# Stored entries
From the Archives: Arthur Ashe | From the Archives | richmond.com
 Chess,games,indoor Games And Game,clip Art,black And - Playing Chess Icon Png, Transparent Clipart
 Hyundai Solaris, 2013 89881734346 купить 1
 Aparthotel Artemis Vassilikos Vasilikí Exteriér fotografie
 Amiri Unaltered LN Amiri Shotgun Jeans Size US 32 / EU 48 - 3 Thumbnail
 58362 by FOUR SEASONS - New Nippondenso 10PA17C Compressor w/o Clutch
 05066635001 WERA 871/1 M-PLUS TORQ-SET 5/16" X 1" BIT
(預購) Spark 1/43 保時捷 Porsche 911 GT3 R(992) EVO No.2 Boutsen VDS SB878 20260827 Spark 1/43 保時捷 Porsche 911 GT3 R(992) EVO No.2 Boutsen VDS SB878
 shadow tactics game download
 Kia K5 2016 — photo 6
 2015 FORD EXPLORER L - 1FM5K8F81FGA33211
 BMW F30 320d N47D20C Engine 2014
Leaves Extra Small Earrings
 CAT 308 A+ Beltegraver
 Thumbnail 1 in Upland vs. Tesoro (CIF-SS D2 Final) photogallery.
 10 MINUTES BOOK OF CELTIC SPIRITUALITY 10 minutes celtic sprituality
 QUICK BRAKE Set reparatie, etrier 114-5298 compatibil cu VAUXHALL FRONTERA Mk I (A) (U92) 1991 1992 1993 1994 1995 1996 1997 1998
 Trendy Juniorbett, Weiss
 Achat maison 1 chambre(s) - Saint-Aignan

# Task objective
Give back exactly the lines from the line containing "Leaves Extra Small Earrings" to the end of the entries, and no other lines.

# Final answer
Leaves Extra Small Earrings
 CAT 308 A+ Beltegraver
 Thumbnail 1 in Upland vs. Tesoro (CIF-SS D2 Final) photogallery.
 10 MINUTES BOOK OF CELTIC SPIRITUALITY 10 minutes celtic sprituality
 QUICK BRAKE Set reparatie, etrier 114-5298 compatibil cu VAUXHALL FRONTERA Mk I (A) (U92) 1991 1992 1993 1994 1995 1996 1997 1998
 Trendy Juniorbett, Weiss
 Achat maison 1 chambre(s) - Saint-Aignan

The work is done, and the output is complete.